Bien sur. I'm thinking more of a set of plural futures [cf Rorty's
"Contingency, Irony, and Solidarity."] - the *Mille* part of
the Plateaux. I've got that set of hopes, too - corny as it sounds,
that's the whole reason to do the kind of awful things as a radio
programmer that I do, lumping occasionally disparate things
together and not appearing on air as the Omnipotent Voice Who
Announces What Is To Come. I guess that I think that the act of
listening across our bias set is a kind of socially sanctioned risk of
self whose benefits resonate to the large whole of our activity.

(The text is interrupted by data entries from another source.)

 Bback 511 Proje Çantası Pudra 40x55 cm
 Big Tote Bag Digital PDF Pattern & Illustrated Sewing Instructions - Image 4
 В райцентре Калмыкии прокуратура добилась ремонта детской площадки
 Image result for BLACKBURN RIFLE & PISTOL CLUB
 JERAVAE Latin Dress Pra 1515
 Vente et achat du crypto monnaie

> and if something turns up that is
> tempting to many people (tempting as in "that which will change/"save" the
> world") a lot of people will jump on it (relatively speaking, of course,
> since this kind of jumping can be both Glitchy and Britney). It happened
> in Old Greece, it happened in the Reneissance (sp?) and is getting even
> 'worse' now. Hope I'm wrong, though.

Might I recommend a book I've found a bit uh...Enlightening? It's
Steven Toulmin's "Cosmopolis: the Hidden Agenda of Modernity.
It essentially imagines a modernity in which Montaigne rather
than Newton and Descartes inform our views of progress. While
it's nothing to do with reassembling waveforms ground to powder
into sandcastles for the ear, it might be of some interest. :-)


> I couldn't agree more. A lot of things can be said about a person like Jim
> O'Rourke (I have only good things to say about his music and, from what
> I've read in interviews, his general attitude), but when he listed Cher's
> "I Believe" and Stockhausen as highlights in his review of last/a year in
> The Wire I thought: These are wonderful times. Limp Bizkit, Nils Økland
> and Eric La Casa on the same stereo and during the same day? Indeed.

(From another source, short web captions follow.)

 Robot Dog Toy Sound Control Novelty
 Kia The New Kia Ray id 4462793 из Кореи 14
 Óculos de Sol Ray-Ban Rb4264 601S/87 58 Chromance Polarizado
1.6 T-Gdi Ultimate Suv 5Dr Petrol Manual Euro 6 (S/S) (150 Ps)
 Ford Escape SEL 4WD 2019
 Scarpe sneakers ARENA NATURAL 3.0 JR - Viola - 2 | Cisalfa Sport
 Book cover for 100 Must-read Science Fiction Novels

We are really, really lucky to have such a simple way to imagine a world
larger than that described by the momentary bitslice of our bias set. That
ability to imagine a world has been deemed dangerous for such a long time
[Robert Darnton's book on the banned books of the French Revolutionary
period points out that the *really* censored texts weren't pornography at
all, but Speculative Fiction].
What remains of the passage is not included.